▸ Supplied entries
────

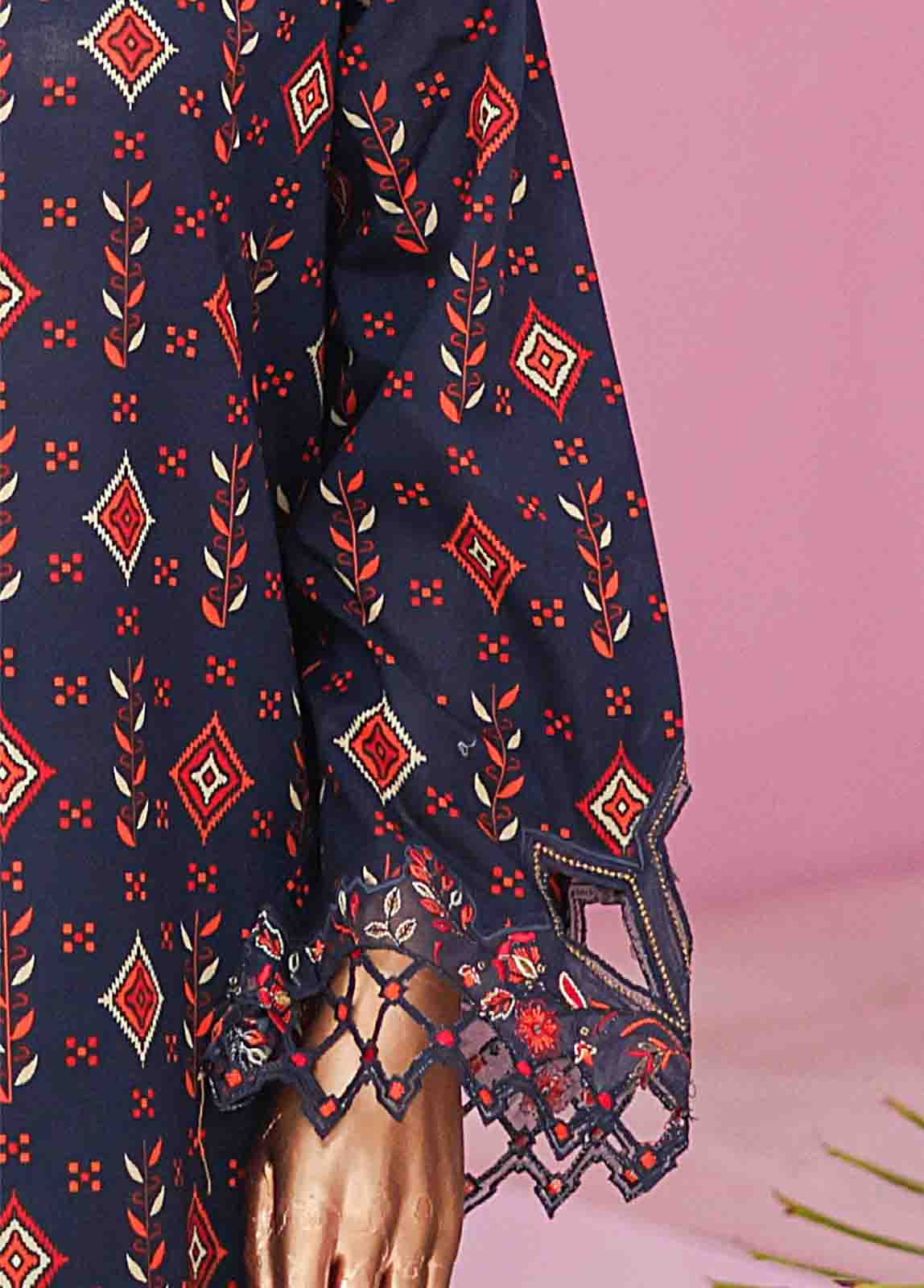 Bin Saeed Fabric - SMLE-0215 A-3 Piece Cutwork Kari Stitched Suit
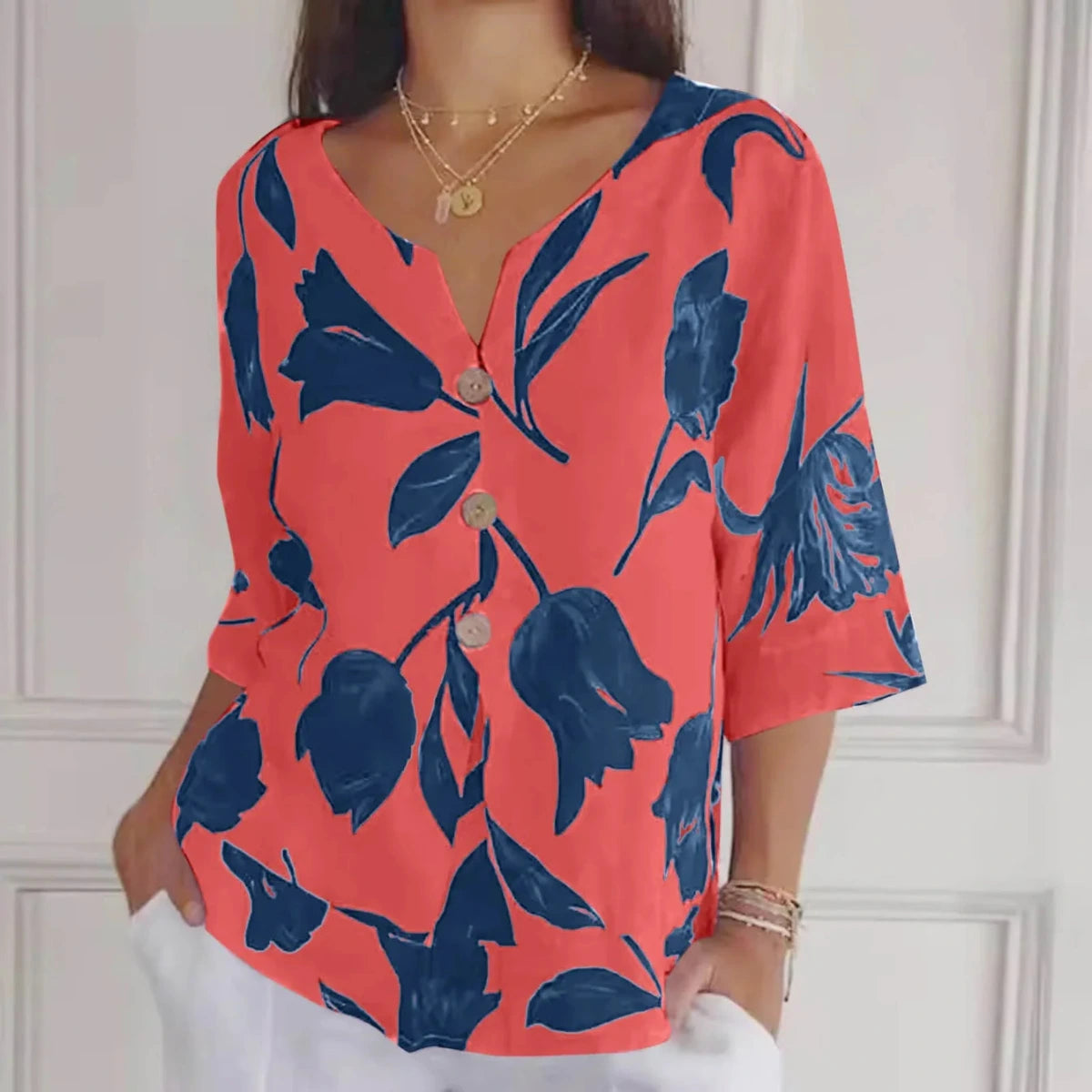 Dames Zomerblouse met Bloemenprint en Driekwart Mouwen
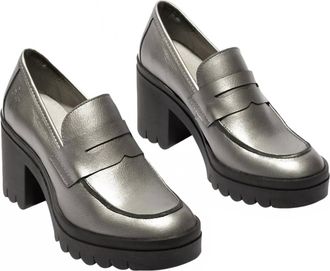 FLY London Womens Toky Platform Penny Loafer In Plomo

────

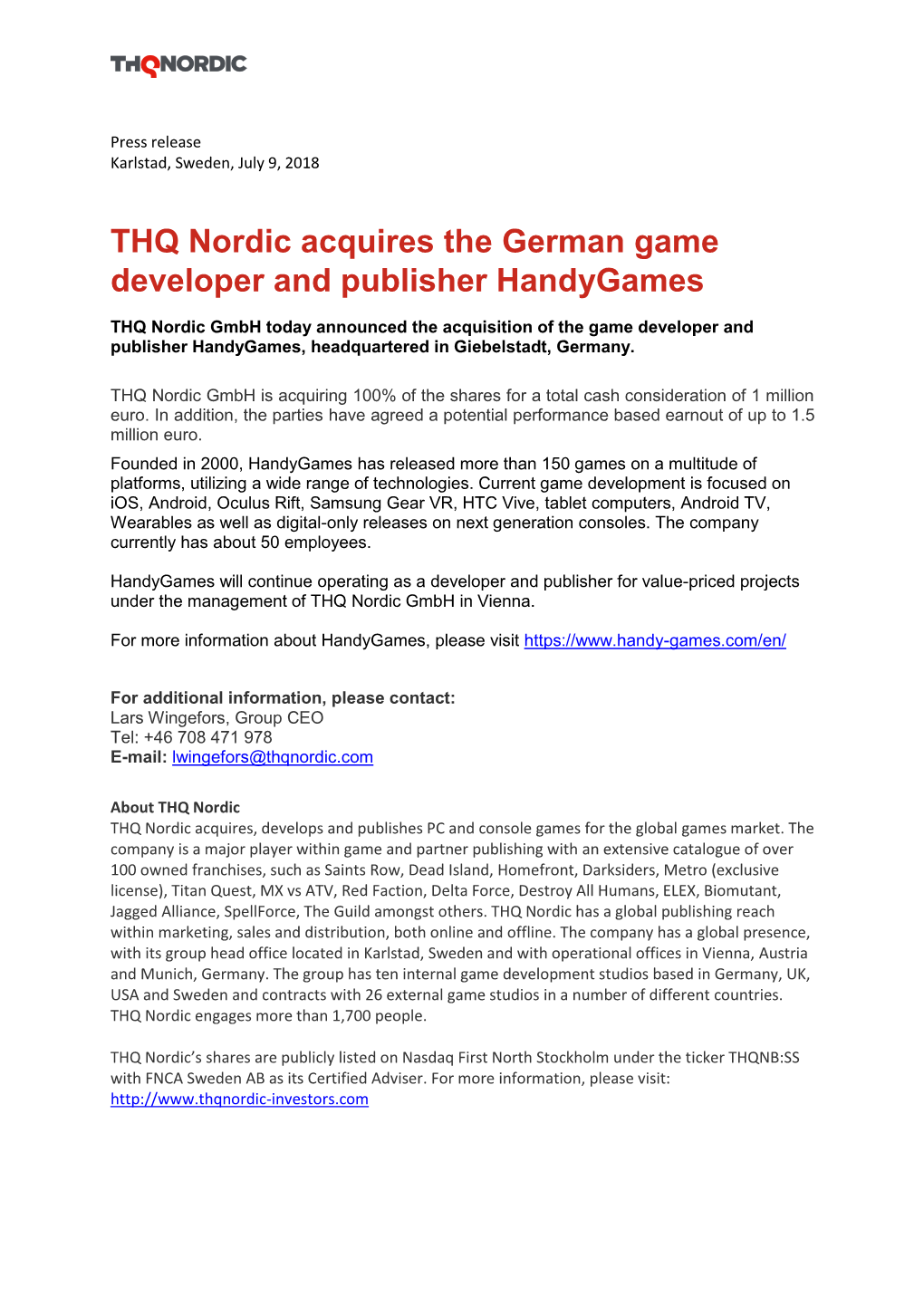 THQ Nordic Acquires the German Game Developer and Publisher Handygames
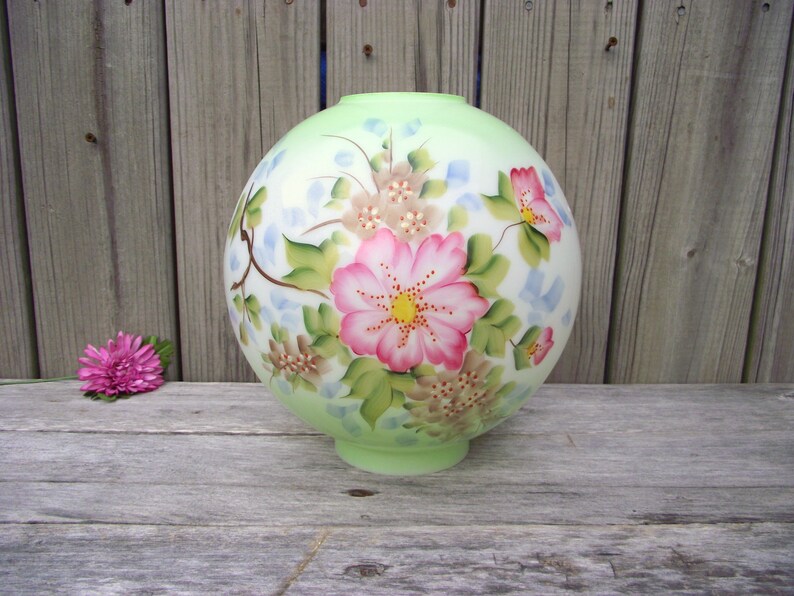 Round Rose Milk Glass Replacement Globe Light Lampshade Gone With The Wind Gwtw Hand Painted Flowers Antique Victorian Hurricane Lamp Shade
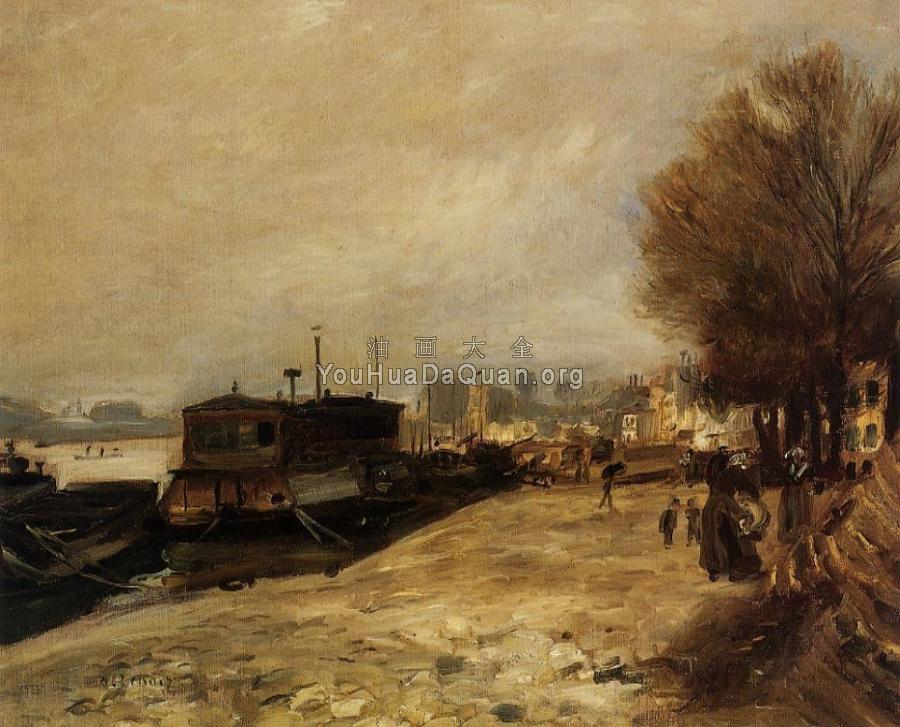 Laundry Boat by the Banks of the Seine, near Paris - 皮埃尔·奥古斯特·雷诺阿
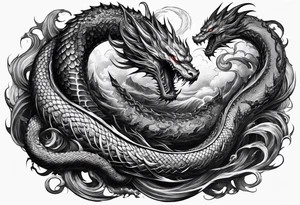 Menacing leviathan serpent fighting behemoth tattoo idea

────

▸ What you are asked to do
Output exactly the stretch of the listing that begins at the line containing "THQ Nordic Acquires" and ends at the line containing "Menacing leviathan serpent", both kept. Omit pictures and everything else.

▸ Task solution
 THQ Nordic Acquires the German Game Developer and Publisher Handygames
 Round Rose Milk Glass Replacement Globe Light Lampshade Gone With The Wind Gwtw Hand Painted Flowers Antique Victorian Hurricane Lamp Shade
 Laundry Boat by the Banks of the Seine, near Paris - 皮埃尔·奥古斯特·雷诺阿
 Menacing leviathan serpent fighting behemoth tattoo idea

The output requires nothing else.